Masterarbeit
Multi-Agent Template Filling using Large Language Models: Design and Comparative Evaluation with Speech Input Case Study
Completion
2025/12
Research Area
Students
Huzefa Ismail Jadliwala
Advisers
Verena Traubinger M.Sc.
Dr.-Ing. Sebastian Heil
Description
In domains such as healthcare, manufacturing, and administration, converting unstructured spoken language into structured forms is a critical yet challenging task. Traditional approaches using large language models (LLMs) typically employ monolithic systems that attempt to complete the entire template filling process in a single step. While computationally efficient, these systems are often brittle: they struggle with incomplete or ambiguous inputs, lack modularity for domain adaptation, and provide limited transparency when dealing with domain-specific terminology, noisy transcriptions, or real-world operational conditions.
This thesis proposes a modular, multi-agent approach to template filling, implemented through the Invox system. Instead of treating the problem as a single LLM task, Invox decomposes it into subtasks—transcription interpretation, field mapping, value inference, and result verification—each handled by dedicated LLM agents. The system leverages state-of-the-art components such as Whisper for transcription, GPT-4 and Claude for reasoning, and DeepSeek for semantic validation. Five architectural strategies are explored: (1) Single-Pass Full Input, (2) Iterative Single-Field Processing, (3) Multi-LLM Consensus (Full), (4) Multi-LLM Consensus (Iterative), and (5) Hybrid Refinement. These differ in terms of prompt structure, processing granularity, and verification mechanisms. All approaches are evaluated using the same criteria: accuracy, consistency, latency, cost-efficiency, and modularity. Datasets include the benchmark MUC-4 corpus and a real-world industrial dataset from steel manufacturing shift reports. The goal is not only to assess individual method performance, but to better understand the trade-offs introduced by modular, agent-based LLM systems in real-world deployment contexts.

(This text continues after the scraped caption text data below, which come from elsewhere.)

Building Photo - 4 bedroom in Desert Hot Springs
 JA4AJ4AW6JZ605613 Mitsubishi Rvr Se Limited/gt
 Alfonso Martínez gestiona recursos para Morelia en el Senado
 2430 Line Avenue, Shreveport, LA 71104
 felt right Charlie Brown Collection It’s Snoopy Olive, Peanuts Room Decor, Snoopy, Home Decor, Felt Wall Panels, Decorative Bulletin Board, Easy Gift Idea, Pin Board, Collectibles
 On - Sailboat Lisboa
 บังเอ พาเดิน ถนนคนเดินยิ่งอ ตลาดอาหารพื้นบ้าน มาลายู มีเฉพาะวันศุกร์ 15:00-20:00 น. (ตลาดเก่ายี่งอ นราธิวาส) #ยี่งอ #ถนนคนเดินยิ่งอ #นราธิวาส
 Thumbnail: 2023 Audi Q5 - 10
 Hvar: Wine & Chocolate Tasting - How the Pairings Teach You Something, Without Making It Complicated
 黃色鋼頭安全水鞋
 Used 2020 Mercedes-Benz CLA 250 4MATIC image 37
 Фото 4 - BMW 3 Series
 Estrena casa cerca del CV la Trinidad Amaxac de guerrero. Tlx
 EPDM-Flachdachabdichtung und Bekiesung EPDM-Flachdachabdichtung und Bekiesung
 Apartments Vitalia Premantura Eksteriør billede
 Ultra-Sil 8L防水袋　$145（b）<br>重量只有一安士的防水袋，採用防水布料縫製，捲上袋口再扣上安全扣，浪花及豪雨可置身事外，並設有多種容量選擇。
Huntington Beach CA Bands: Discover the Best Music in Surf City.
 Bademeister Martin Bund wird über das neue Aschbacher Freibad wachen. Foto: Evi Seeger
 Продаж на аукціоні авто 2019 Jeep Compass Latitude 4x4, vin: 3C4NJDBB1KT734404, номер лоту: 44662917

The objective of this thesis is the creation of a solution or the combination of existing approaches to solve the problem described above of filling out templates with the help of Large Language Models. This comprises the following parts. An analysis of the state of the art on LLMs and prompt engineering, multi-agent systems, tools for filling out templates, and other relevant work. The thesis includes the implementation and comparison of five different approaches for a solution. A suitable evaluation should be conducted, where the approaches are tested on datasets regarding a set of benchmarks and the elicited requirements based on the literature research.